» **INSTRUCTIONS FOR THE TASK**
Where the line containing "Under Ground/Above Ground" appears, start repeating, and continue exactly through the last line below, adding nothing. Include no pictures.

» **THE DATA**
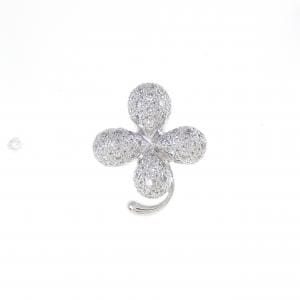 ミキモト ダイヤモンド ブローチ 0.51CT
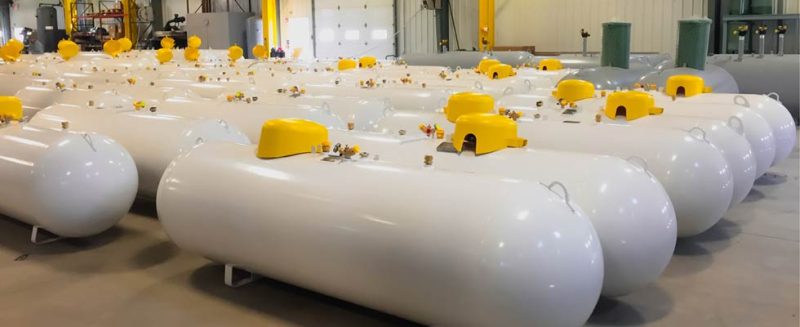 Under Ground/Above Ground Propane Tank ASME / DOT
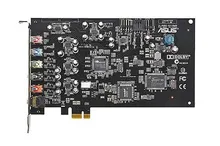 Free Shipping A S U S Xonar D-KARAX 7.1 Channel PCI-E 1X Desktop Computer Built-in Karaoke Sound Card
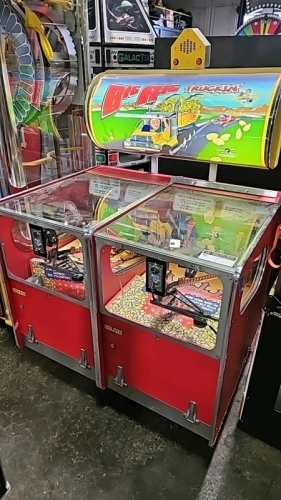 BIG RIG TRUCKIN' TICKET REDEMPTION GAME BENCHMARK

» **SOLUTION TO THIS EXERCISE**
 Under Ground/Above Ground Propane Tank ASME / DOT
 Free Shipping A S U S Xonar D-KARAX 7.1 Channel PCI-E 1X Desktop Computer Built-in Karaoke Sound Card
 BIG RIG TRUCKIN' TICKET REDEMPTION GAME BENCHMARK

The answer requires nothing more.